▶ [Task statement]: Would you please write out each of the entries below exactly, omitting pictures?

▶ [Dataset content]:

───

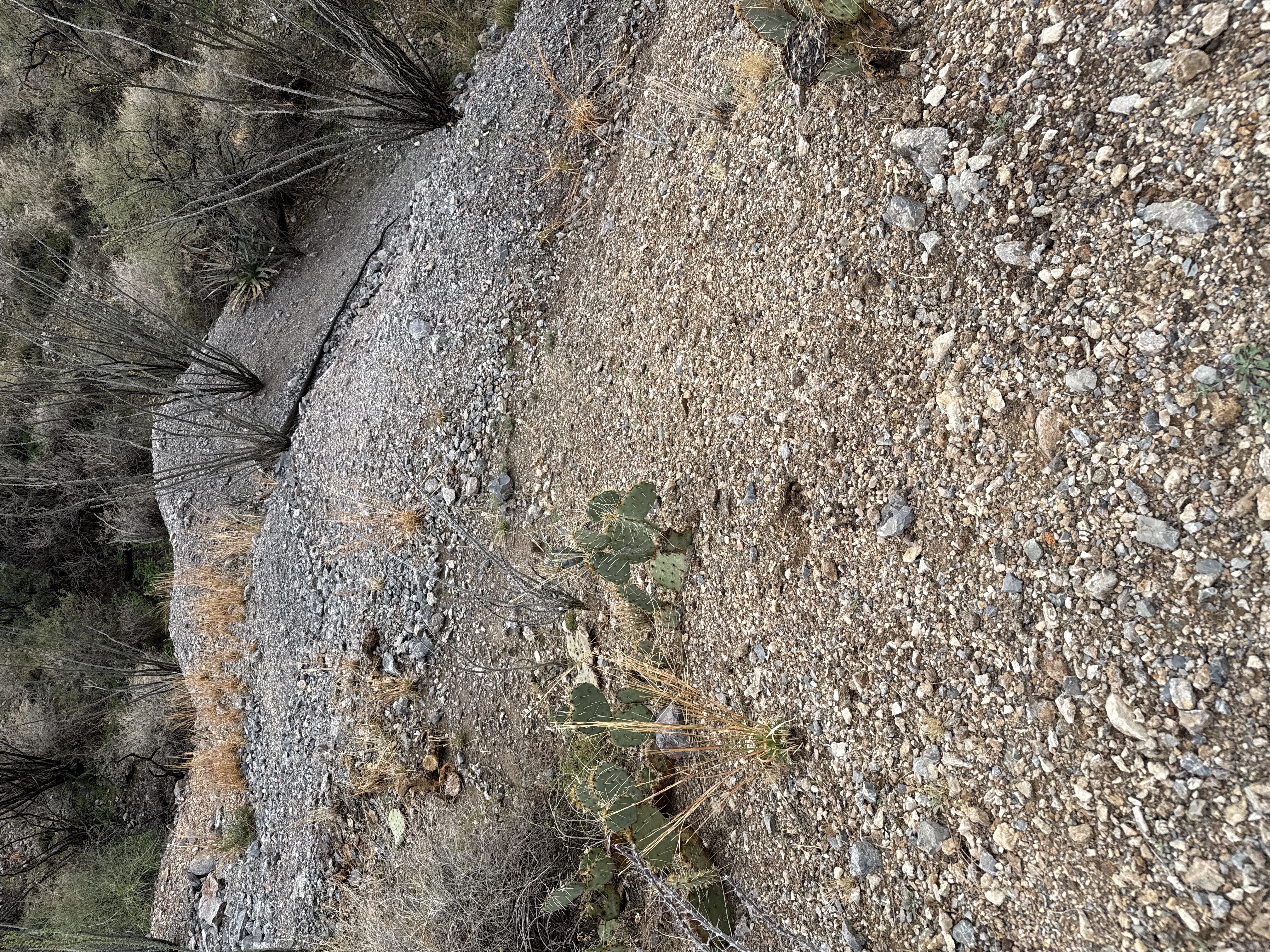 tailings image not found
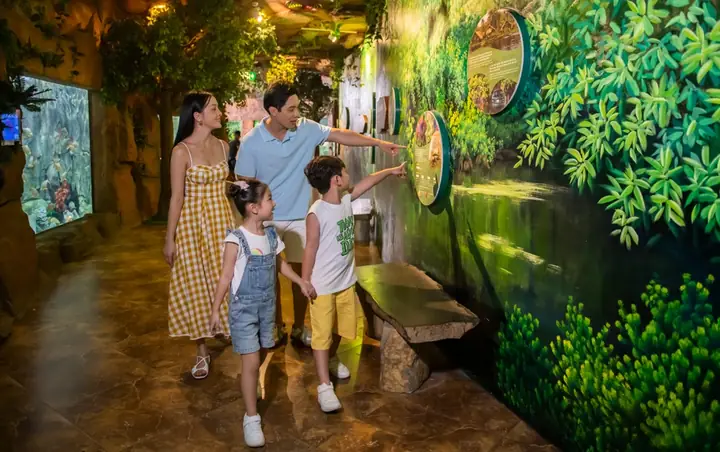 Vui Chơi, Trải Nghiệm Điều Thú Vị Ở Vinke & Vinpearl Aquarium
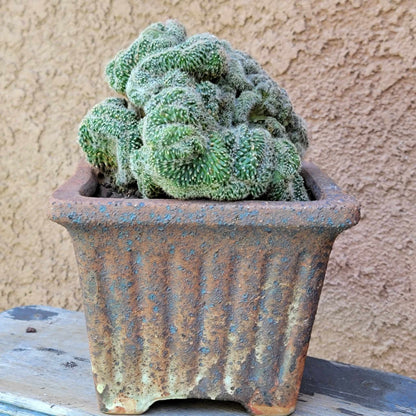 Stenocactus guerraianus f. cristatus
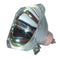 Neolux LTOB690690POS Osram TV Lamps Bare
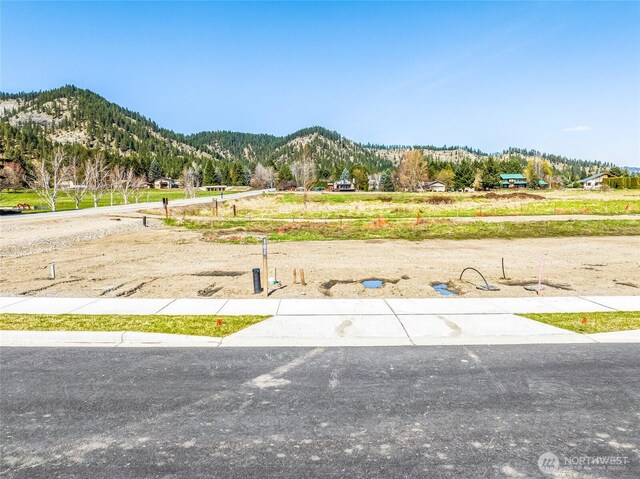 102 Alpenglow Dr, Leavenworth, WA 98826 - photo 3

───

▶ [Result below]:
 tailings image not found
 Vui Chơi, Trải Nghiệm Điều Thú Vị Ở Vinke & Vinpearl Aquarium
 Stenocactus guerraianus f. cristatus
 Neolux LTOB690690POS Osram TV Lamps Bare
 102 Alpenglow Dr, Leavenworth, WA 98826 - photo 3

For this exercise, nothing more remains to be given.